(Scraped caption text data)
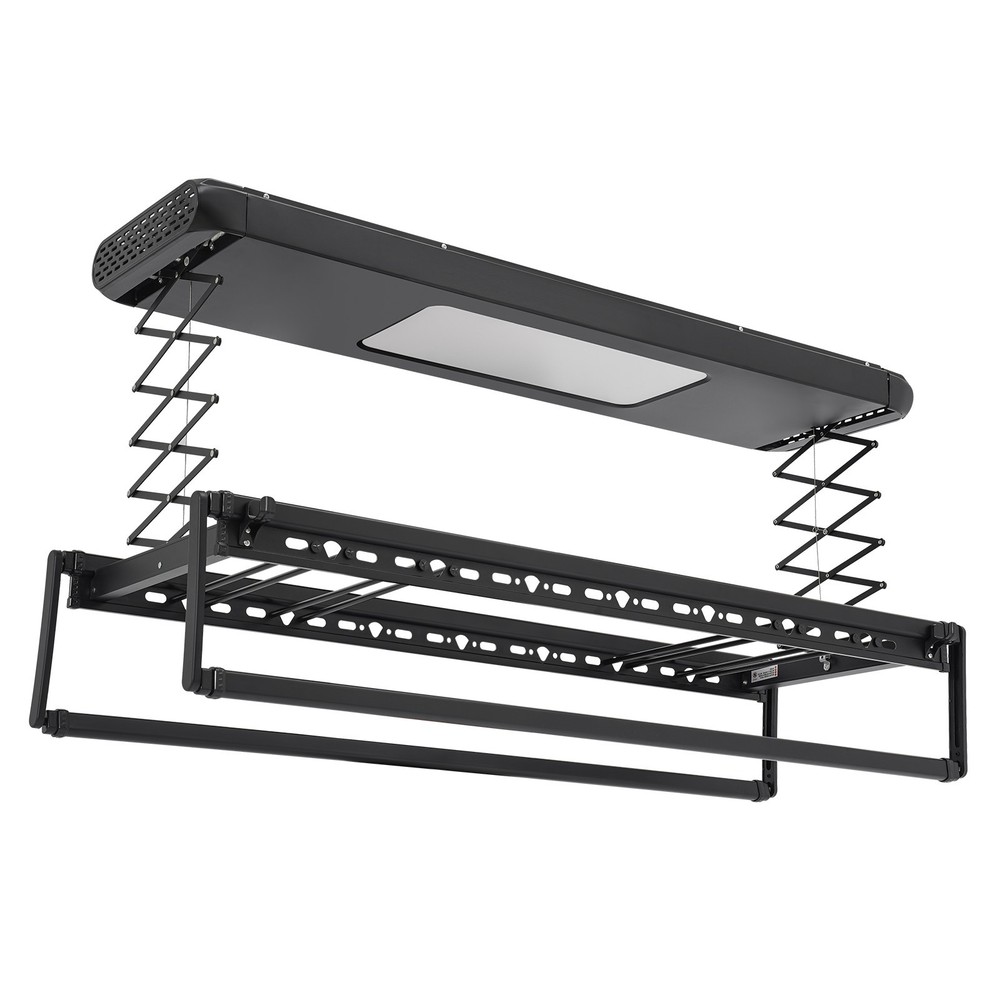 Electric Retractable Airing Rack Clothes Drying Rack W/ Remote Control & Light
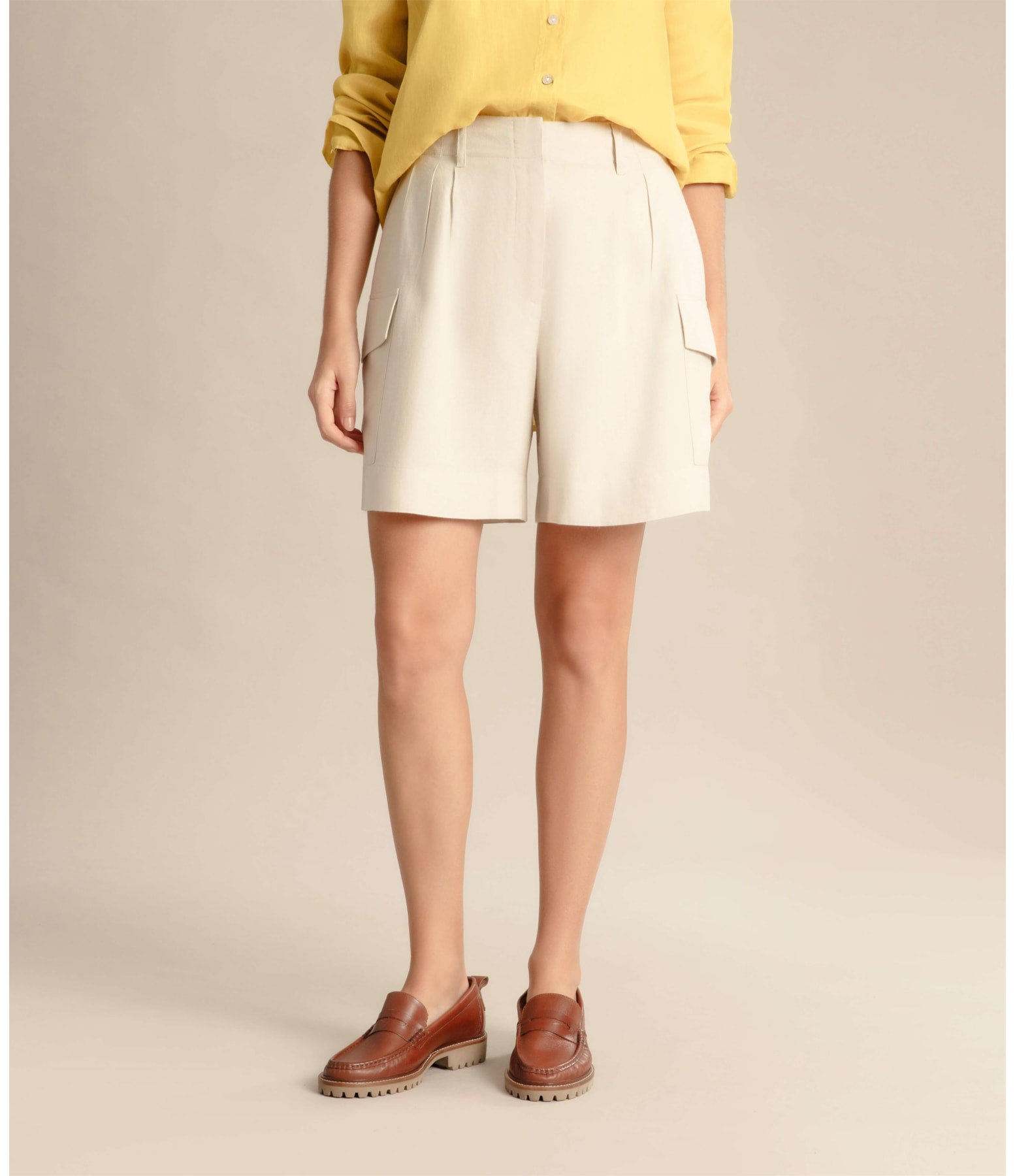 Short Linho  Dorian Camel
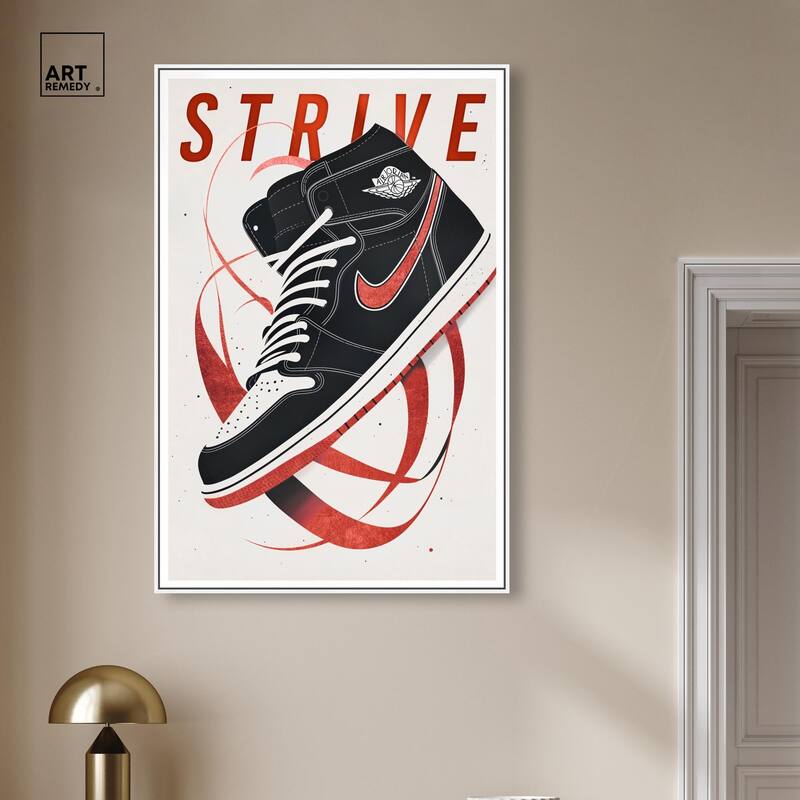 Red Ribbon Sneaker Canvas by Art Remedy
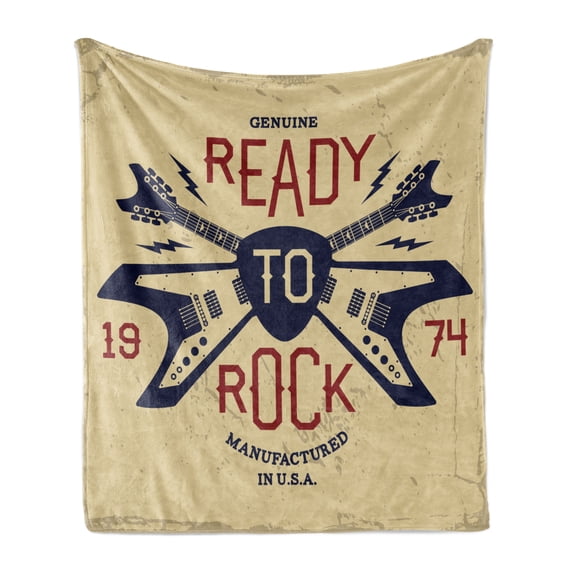 Classic Rock Soft Flannel Fleece Throw Blanket, Ready to Rock Saying with Flying V Guitar and Pick Vintage Print, Cozy Plush for Indoor and Outdoor Use, 70" x 90", Beige Ruby Night Blue, by Ambesonne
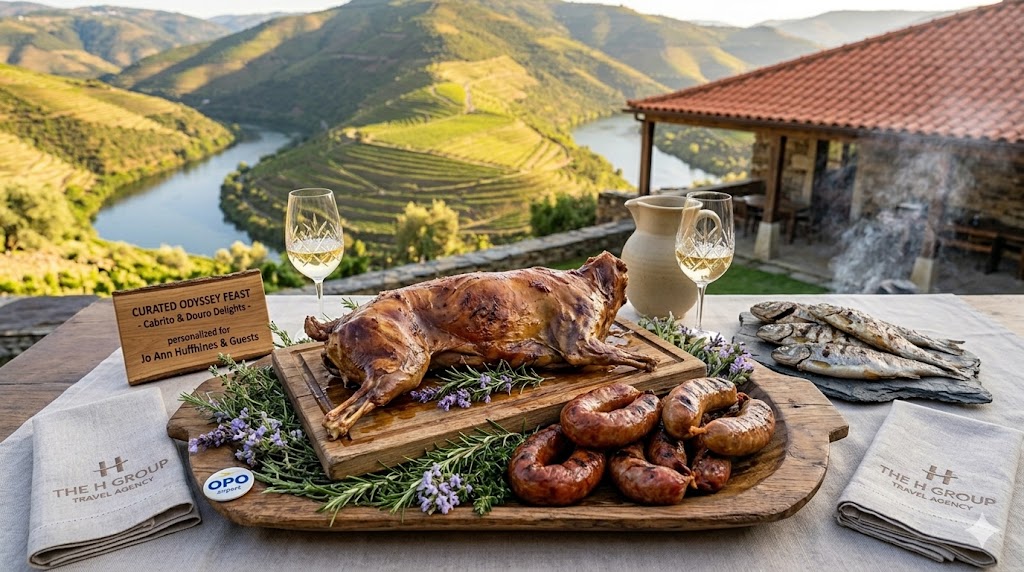 portugal slow-roasted lamb cabrito that has grazed on the mountain herbs, smoky sausages alheira
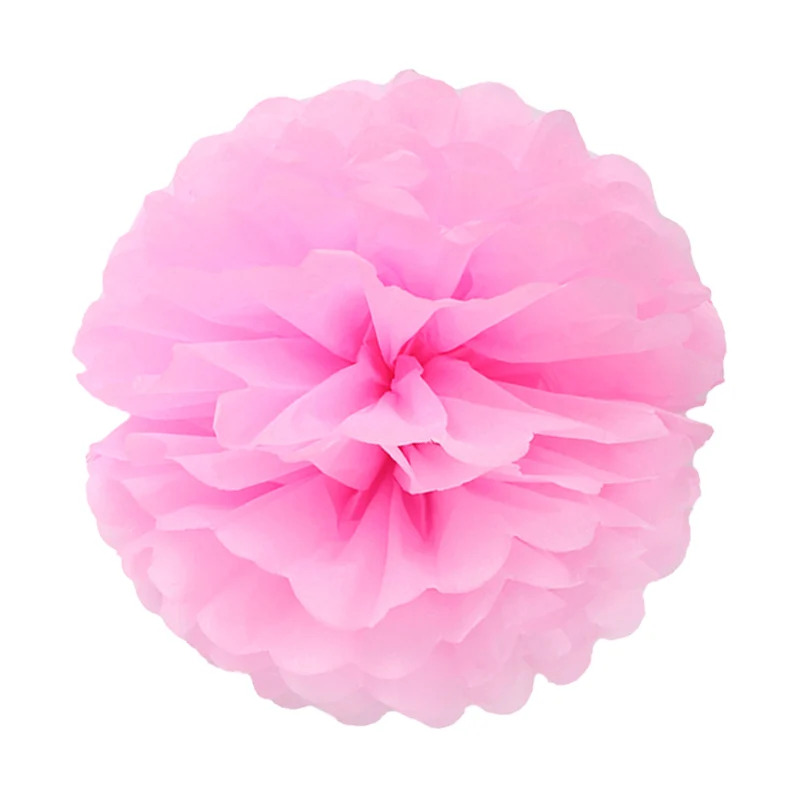Pink Свадебные украшения, 5 шт., помпоны, 20 см., тканевая бумага, искусственные цветы, шар для детского душа, 1 день рождения, украшения, принадлежности - Цвет: Pink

§ **EXERCISE PROMPT**
Output every entry above exactly as written, but omit the pictures.

§ **ANSWER BOX**
 Electric Retractable Airing Rack Clothes Drying Rack W/ Remote Control & Light
 Short Linho  Dorian Camel
 Red Ribbon Sneaker Canvas by Art Remedy
 Classic Rock Soft Flannel Fleece Throw Blanket, Ready to Rock Saying with Flying V Guitar and Pick Vintage Print, Cozy Plush for Indoor and Outdoor Use, 70" x 90", Beige Ruby Night Blue, by Ambesonne
 portugal slow-roasted lamb cabrito that has grazed on the mountain herbs, smoky sausages alheira
Pink Свадебные украшения, 5 шт., помпоны, 20 см., тканевая бумага, искусственные цветы, шар для детского душа, 1 день рождения, украшения, принадлежности - Цвет: Pink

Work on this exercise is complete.